**About this task**
If an entry below holds a picture, skip the picture and copy everything else exactly.

**Working data**
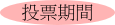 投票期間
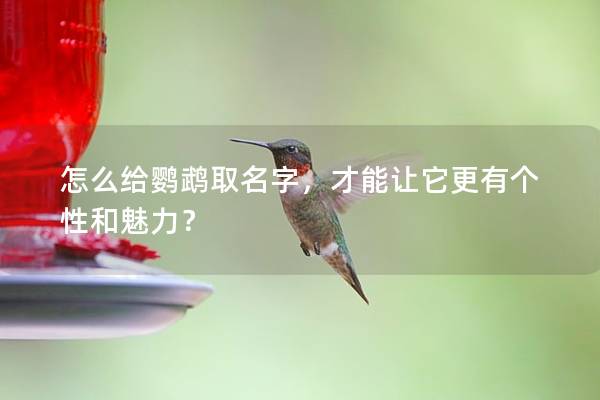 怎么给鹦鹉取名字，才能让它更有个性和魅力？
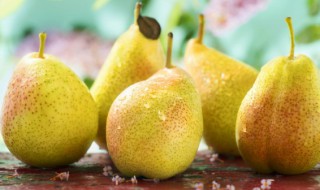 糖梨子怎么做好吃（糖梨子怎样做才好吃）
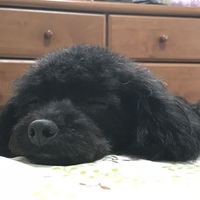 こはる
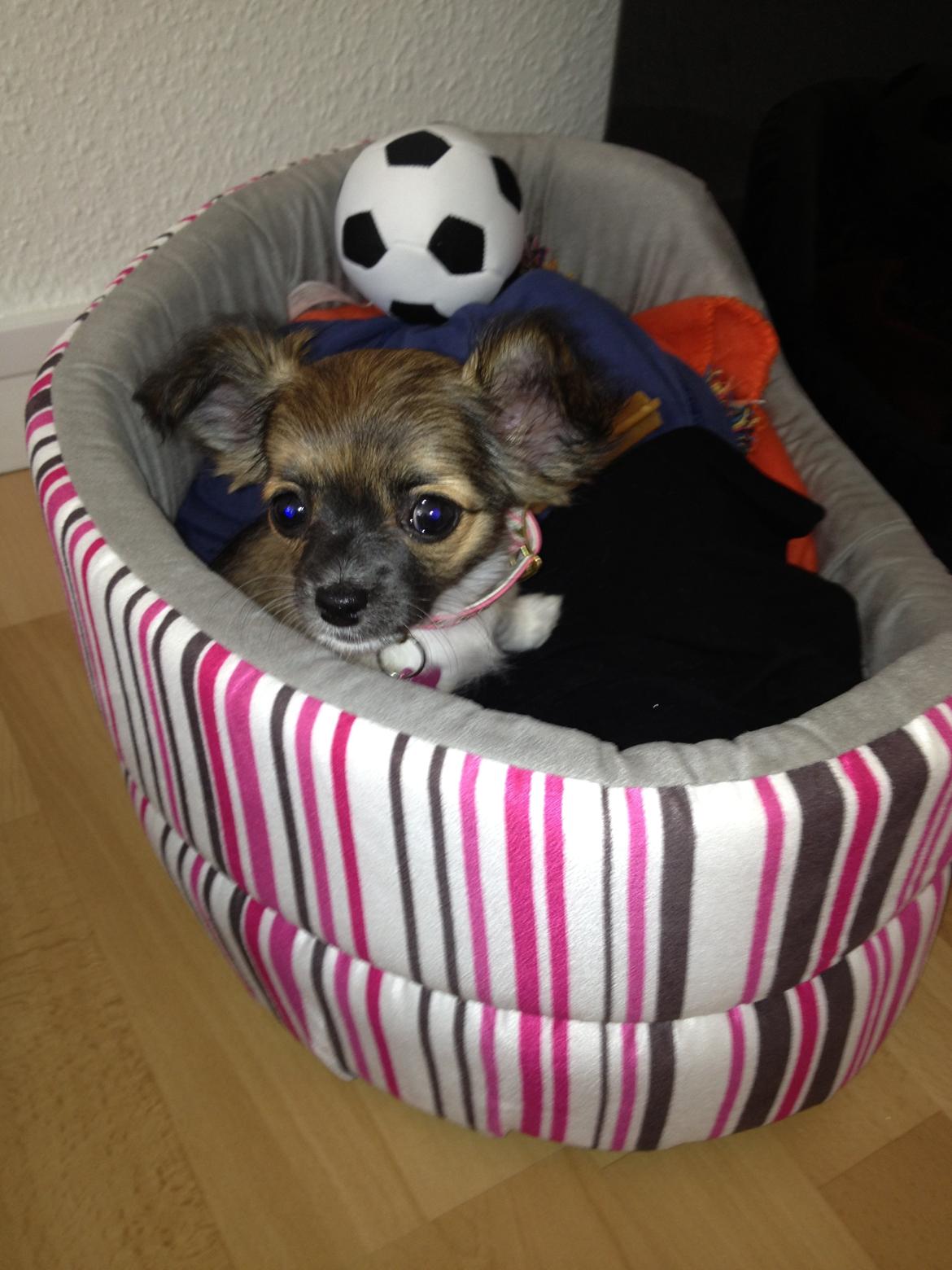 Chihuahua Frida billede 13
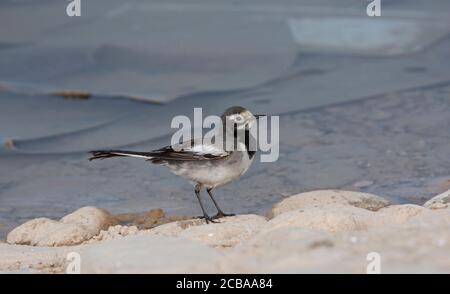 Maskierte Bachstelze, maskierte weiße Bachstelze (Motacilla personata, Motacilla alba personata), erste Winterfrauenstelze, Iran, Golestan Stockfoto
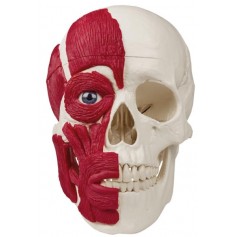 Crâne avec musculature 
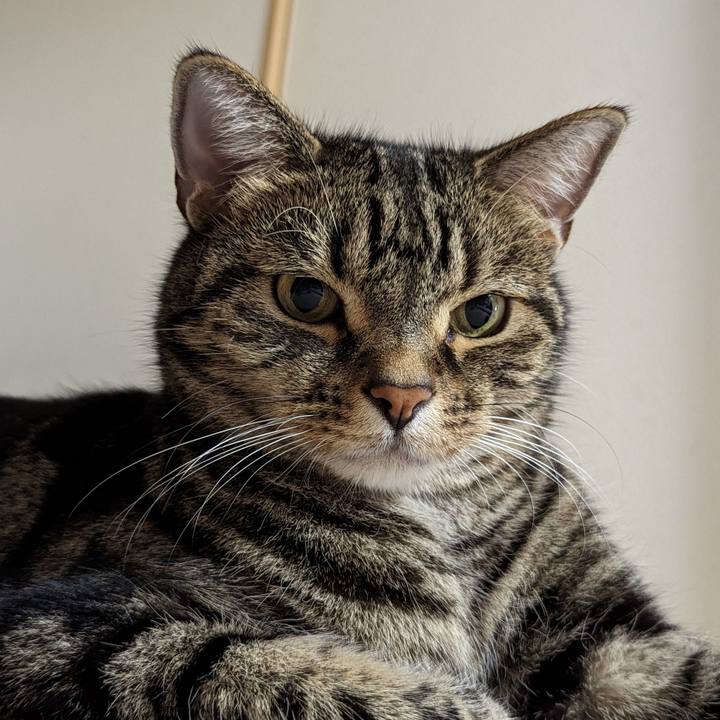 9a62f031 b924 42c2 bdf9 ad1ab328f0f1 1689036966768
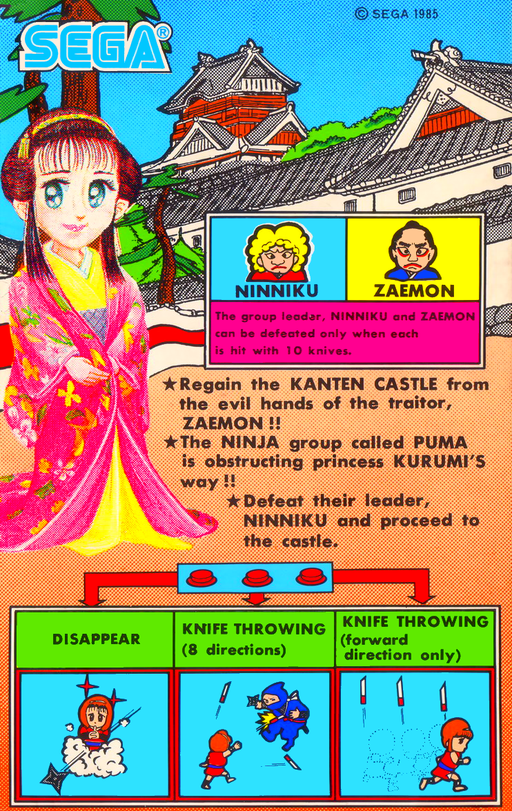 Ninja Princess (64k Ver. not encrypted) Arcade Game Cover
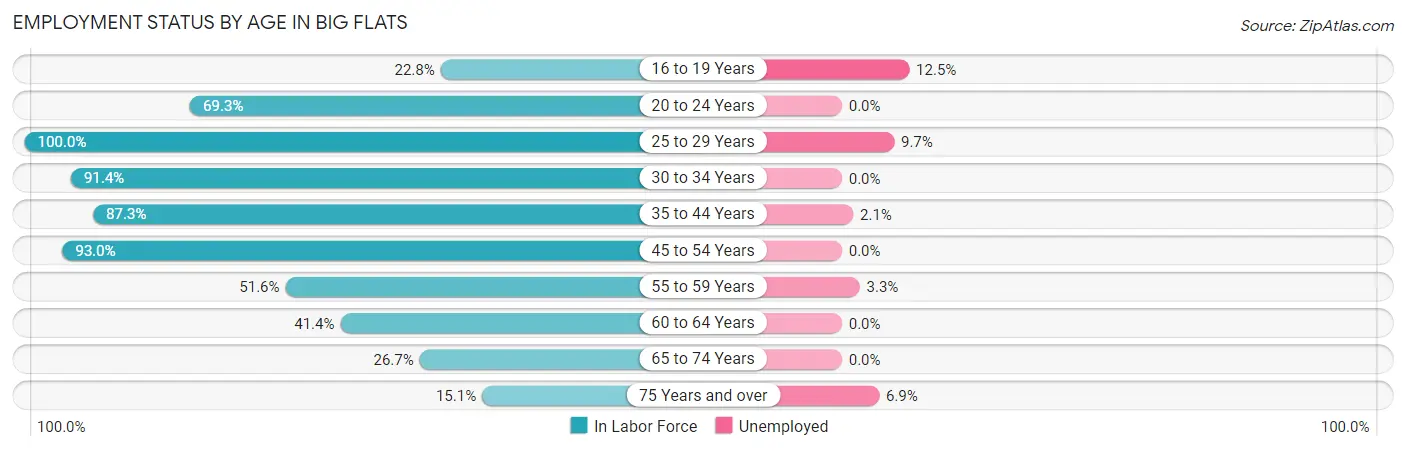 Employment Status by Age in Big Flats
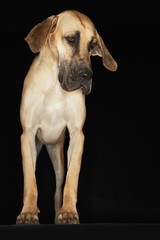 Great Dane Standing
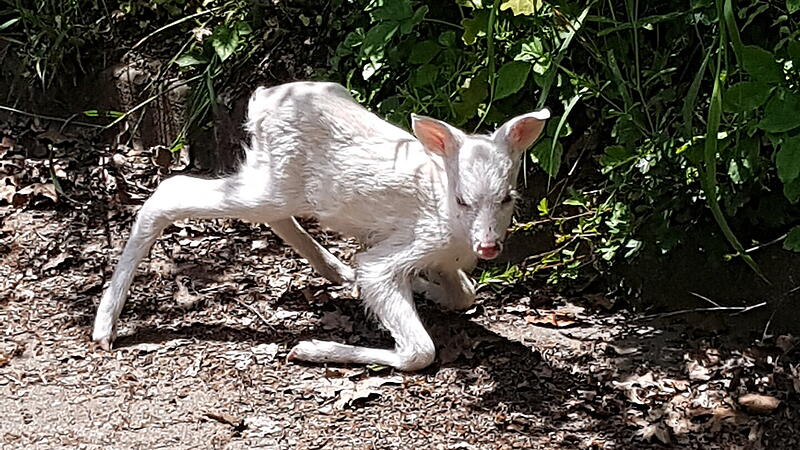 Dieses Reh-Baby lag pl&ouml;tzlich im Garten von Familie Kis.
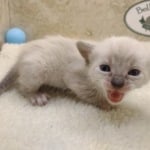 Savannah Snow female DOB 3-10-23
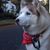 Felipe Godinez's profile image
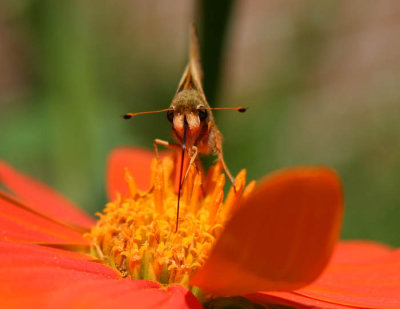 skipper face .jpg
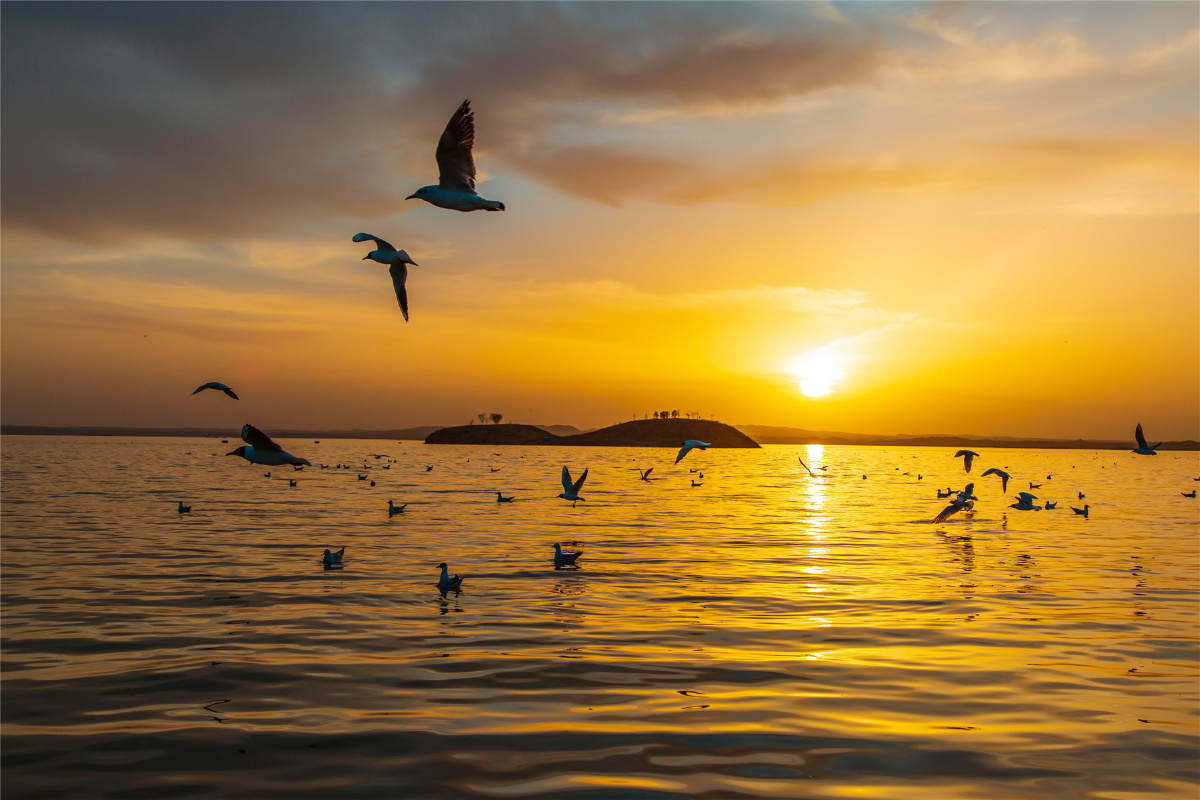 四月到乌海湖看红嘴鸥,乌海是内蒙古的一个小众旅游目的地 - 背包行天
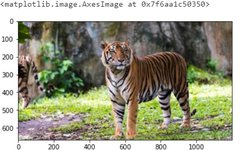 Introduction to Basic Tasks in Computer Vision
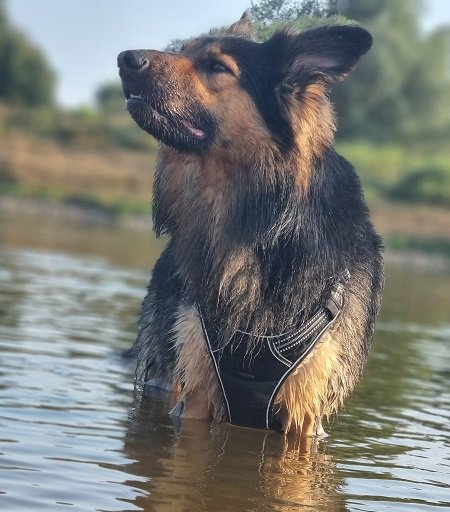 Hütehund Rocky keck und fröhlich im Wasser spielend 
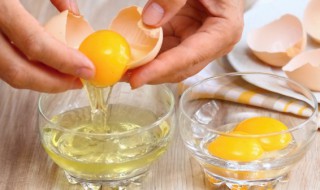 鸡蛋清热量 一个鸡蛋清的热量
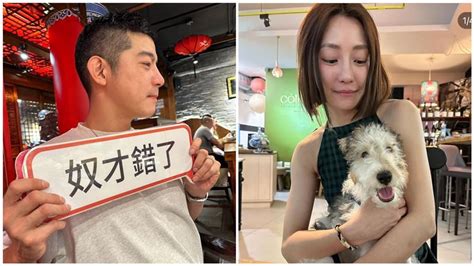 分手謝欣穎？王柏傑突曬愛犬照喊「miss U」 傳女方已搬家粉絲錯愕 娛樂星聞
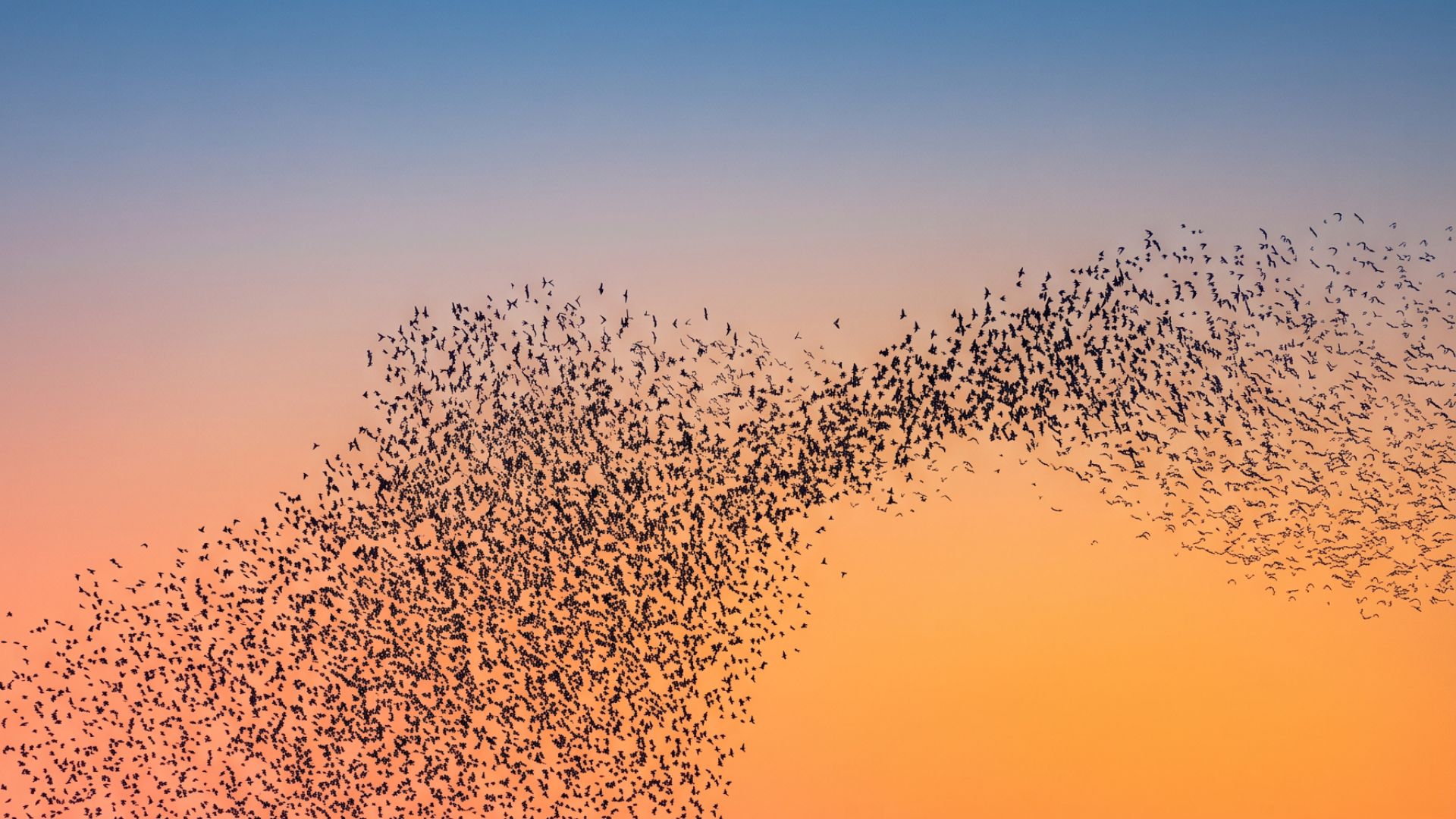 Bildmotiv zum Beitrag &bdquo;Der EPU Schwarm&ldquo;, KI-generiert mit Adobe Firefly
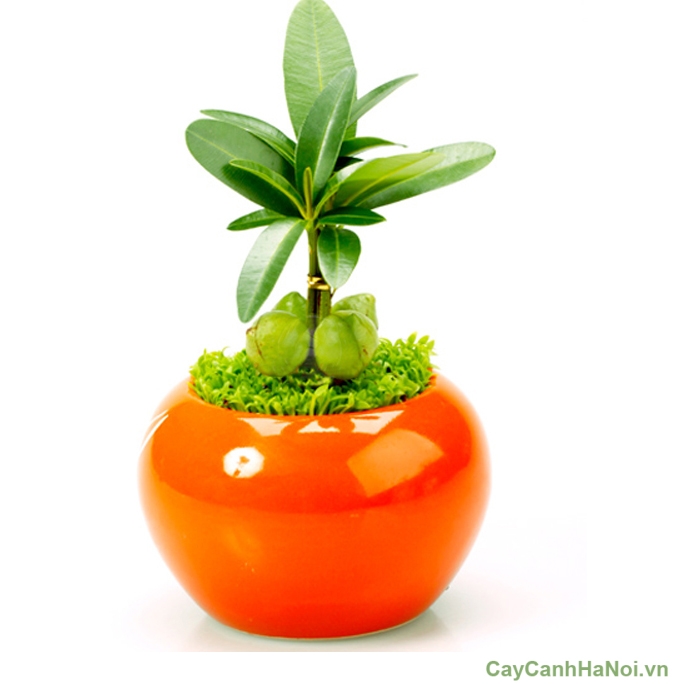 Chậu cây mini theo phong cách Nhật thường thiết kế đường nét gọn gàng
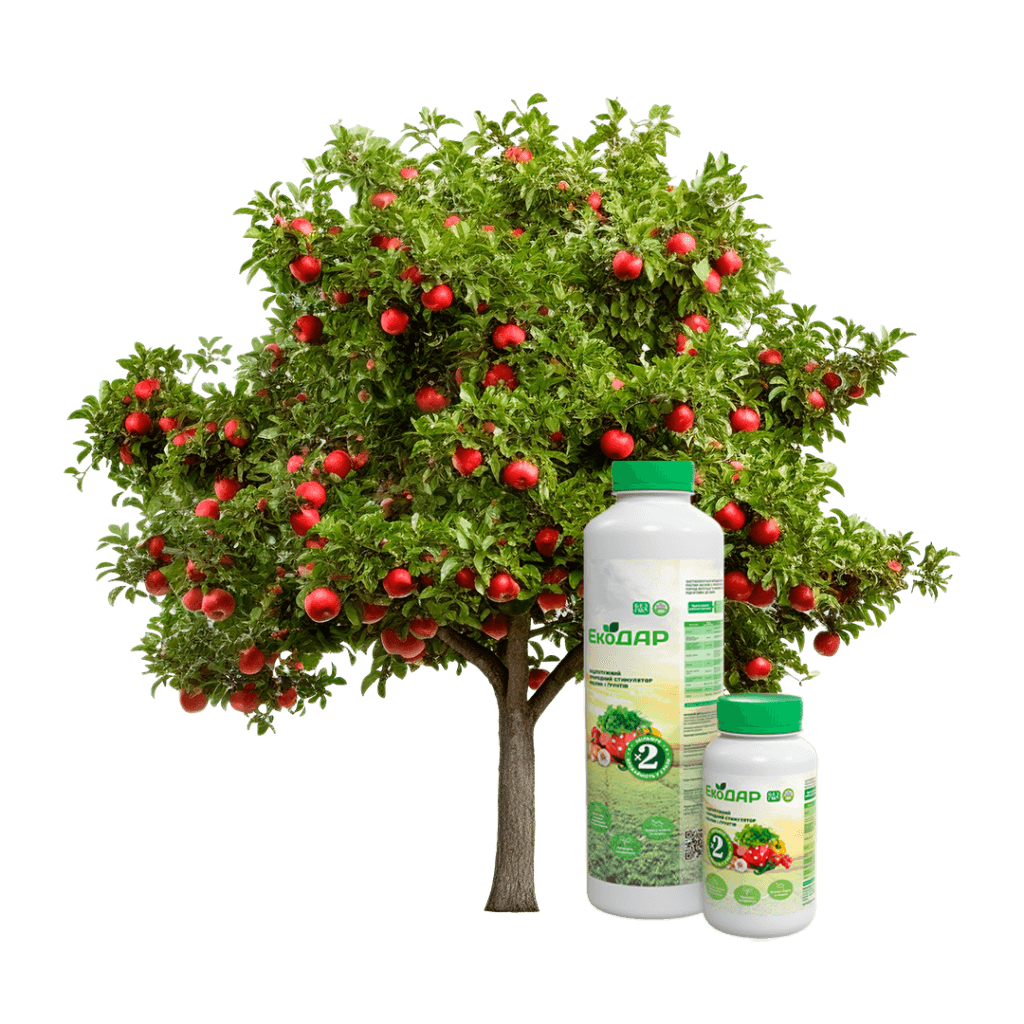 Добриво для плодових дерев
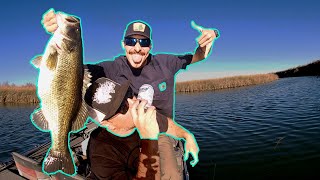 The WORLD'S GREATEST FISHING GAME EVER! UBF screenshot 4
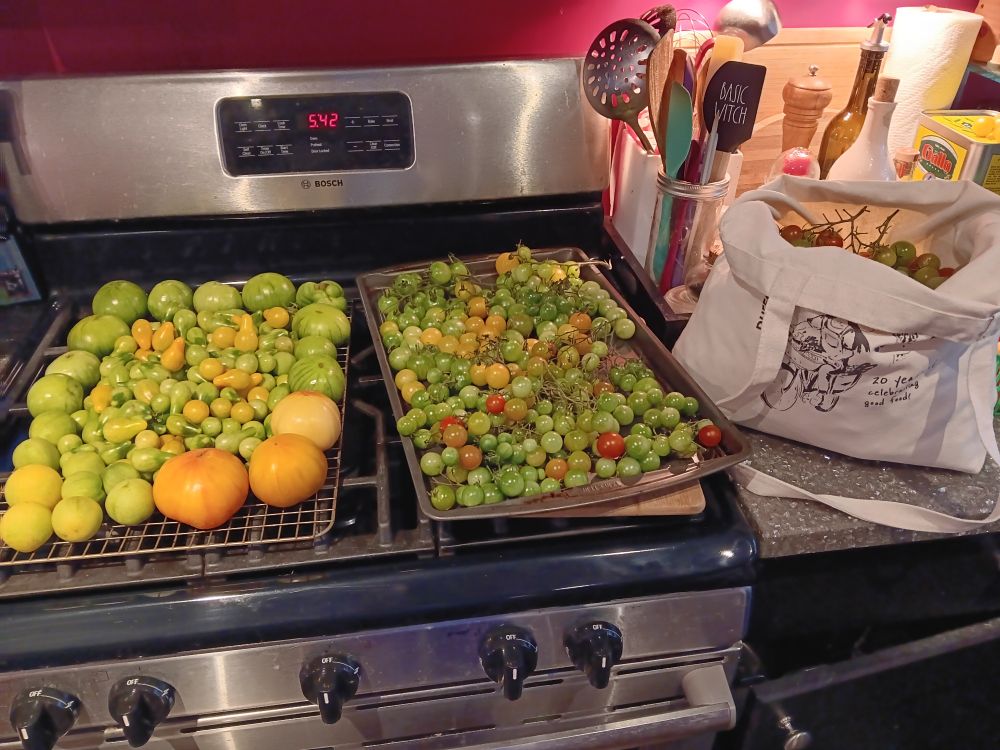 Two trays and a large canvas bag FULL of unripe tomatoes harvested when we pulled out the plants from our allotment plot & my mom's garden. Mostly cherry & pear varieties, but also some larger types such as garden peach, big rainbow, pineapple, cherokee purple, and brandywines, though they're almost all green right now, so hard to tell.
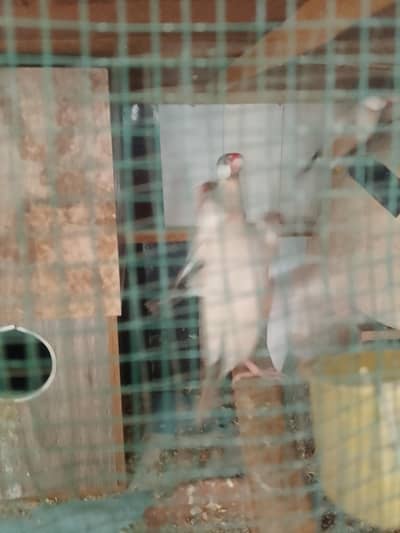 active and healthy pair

**Final answer**
 投票期間
 怎么给鹦鹉取名字，才能让它更有个性和魅力？
 糖梨子怎么做好吃（糖梨子怎样做才好吃）
 こはる
 Chihuahua Frida billede 13
 Maskierte Bachstelze, maskierte weiße Bachstelze (Motacilla personata, Motacilla alba personata), erste Winterfrauenstelze, Iran, Golestan Stockfoto
 Crâne avec musculature 
 9a62f031 b924 42c2 bdf9 ad1ab328f0f1 1689036966768
 Ninja Princess (64k Ver. not encrypted) Arcade Game Cover
 Employment Status by Age in Big Flats
 Great Dane Standing
 Dieses Reh-Baby lag pl&ouml;tzlich im Garten von Familie Kis.
 Savannah Snow female DOB 3-10-23
 Felipe Godinez's profile image
 skipper face .jpg
 四月到乌海湖看红嘴鸥,乌海是内蒙古的一个小众旅游目的地 - 背包行天
 Introduction to Basic Tasks in Computer Vision
 Hütehund Rocky keck und fröhlich im Wasser spielend 
 鸡蛋清热量 一个鸡蛋清的热量
 分手謝欣穎？王柏傑突曬愛犬照喊「miss U」 傳女方已搬家粉絲錯愕 娛樂星聞
 Bildmotiv zum Beitrag &bdquo;Der EPU Schwarm&ldquo;, KI-generiert mit Adobe Firefly
 Chậu cây mini theo phong cách Nhật thường thiết kế đường nét gọn gàng
 Добриво для плодових дерев
 The WORLD'S GREATEST FISHING GAME EVER! UBF screenshot 4
 Two trays and a large canvas bag FULL of unripe tomatoes harvested when we pulled out the plants from our allotment plot & my mom's garden. Mostly cherry & pear varieties, but also some larger types such as garden peach, big rainbow, pineapple, cherokee purple, and brandywines, though they're almost all green right now, so hard to tell.
 active and healthy pair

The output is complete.